Sunday, October 25, 2009

August 29, 1942

C.P.S #23
Coshocton, Ohio
Aug. 29, 1942

Dear folkses,

It hasn’t been long since I wrote to you but I thought of a lot I forgot. Some things I wanted you to send me. I’ll bet I keep you sending me stuff for the duration. You’ll run out of things I forgot tho. Well, you see, I’m working in the kitchen washing stuff and we scrub the floor every day and the little room where we wash the pans and dishes we wash down after each meal so my shoes are wet all the time. I though if you could send me my old zipper overshoes I could get a lot of good out of them and save my shoes too. So if you can find a box and send them as soon as you can I’ll appreciate it a lot.

The other things I forgot is about the money it costs me. I guess it is supposed to go through Ella B. so Papa can just give her a check each month and have her send it in my name and then the cirtificate can be made out to me. I understand it is to be given just like any other contribution to C.P.S. I sent Ella the 35 that I brought with me and maybe she told you all about it.

Say father, that was sure a nice long letter you wrote me I let Ab read some of that about Chick and Claud. He got a big kick out of it. You asked about the examination. We had one allright but it wasn’t quite as good as the Jeff Drs. gave and that isn’t much. We were examined the next afternoon after we got here and got our typhoid shots and small pox vaccination which I didn’t need. The first typhoid shot made me real sick for a couple of hours but the rest just made me a little tired and gave me a stiff arm. Some of the fellows said that they had very good examinations before they left home. A couple of them were “X”-rayed several times in hopes that the bord wouldn’t have to send them.
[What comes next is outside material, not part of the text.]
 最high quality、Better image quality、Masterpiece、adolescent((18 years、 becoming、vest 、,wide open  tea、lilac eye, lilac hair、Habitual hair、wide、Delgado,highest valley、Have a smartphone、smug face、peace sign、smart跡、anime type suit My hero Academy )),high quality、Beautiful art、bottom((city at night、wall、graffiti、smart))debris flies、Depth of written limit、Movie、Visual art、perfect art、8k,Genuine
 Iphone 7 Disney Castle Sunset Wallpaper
I’m learning. I washed out my wash pants and that light jacket and pressed my pants myself. One of the fellows that work in the laundry pressed the jacket, we get one shirt each week ironed for us and I had worn a “T” shirt that didn’t need to be ironed so the owed me an ironing. The washing machine is sort of hard on good things so they say that’s why I washed them out by hand.
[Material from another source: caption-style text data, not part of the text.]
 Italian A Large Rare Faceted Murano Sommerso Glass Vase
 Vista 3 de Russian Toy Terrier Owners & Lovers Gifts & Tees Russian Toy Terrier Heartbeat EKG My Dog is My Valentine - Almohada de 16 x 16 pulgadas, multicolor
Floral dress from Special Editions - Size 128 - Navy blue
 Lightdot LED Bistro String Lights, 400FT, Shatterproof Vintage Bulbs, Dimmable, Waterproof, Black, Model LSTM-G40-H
I will probably have several P.s.s so I’ll leave this letter open till Mon. when I send it.

They changed the address to Coshocton cause they have to go there every day any way for something or to buy groceries, so we are going to get our mail there now. All Fresno mall goes through Coshocton anyway so they will probably stop all C.P.S. mail anyway even if it is addressed Fresno.


P.S. Sun, 4:00 P.M.

I’d like to tell you a little about the recreational program they had last night. They always have something on Sat. night. They had a indoor track meet, that’s what they called it. All games to represent different events in the track meet, on was the “furlong race” We had 8 teams and each team entered 2 people. Then they measured the combined length of the two contestants hair, get it? No one know what it was till they started to measure and the team that won had entered two girls that happened by be visiting their boyfriends or husdbands. On weekends there are always a half a dozen or so girls visiting. There were about 100 people in on the games most of them boys of course, can you imagine 80 or 90 boys ranging in age from 22 to over 30 really enjoying playing games like that? The big feature of the evening was the auction. There had been a lot of clothes accumulating at the laundery that had no mark on them so they auctioned them off. Most of them sold from 10 to 40 cents, and some of them good too. There were a couple of pairs of girl’s slacks and a pair of silk stockings, no one knew how they got there. Then we went to the dinning room and had grahm crackers and milk and all-day suckers too. After that some of the fellows got to singing and about 50, I’d say, stayed till 11:30 I sure enjoyed the singing even tho I didn’t know a lot of the songs. That many boys singing is something. There was something wonderful about the way they sang together last night, men that had been educated to teach in colleges and men who had only a high school education who were simple farmers, from as far west as Kansas and as far east as New York City and New Jersey. They sang and were happy, it must be because thy believed in God.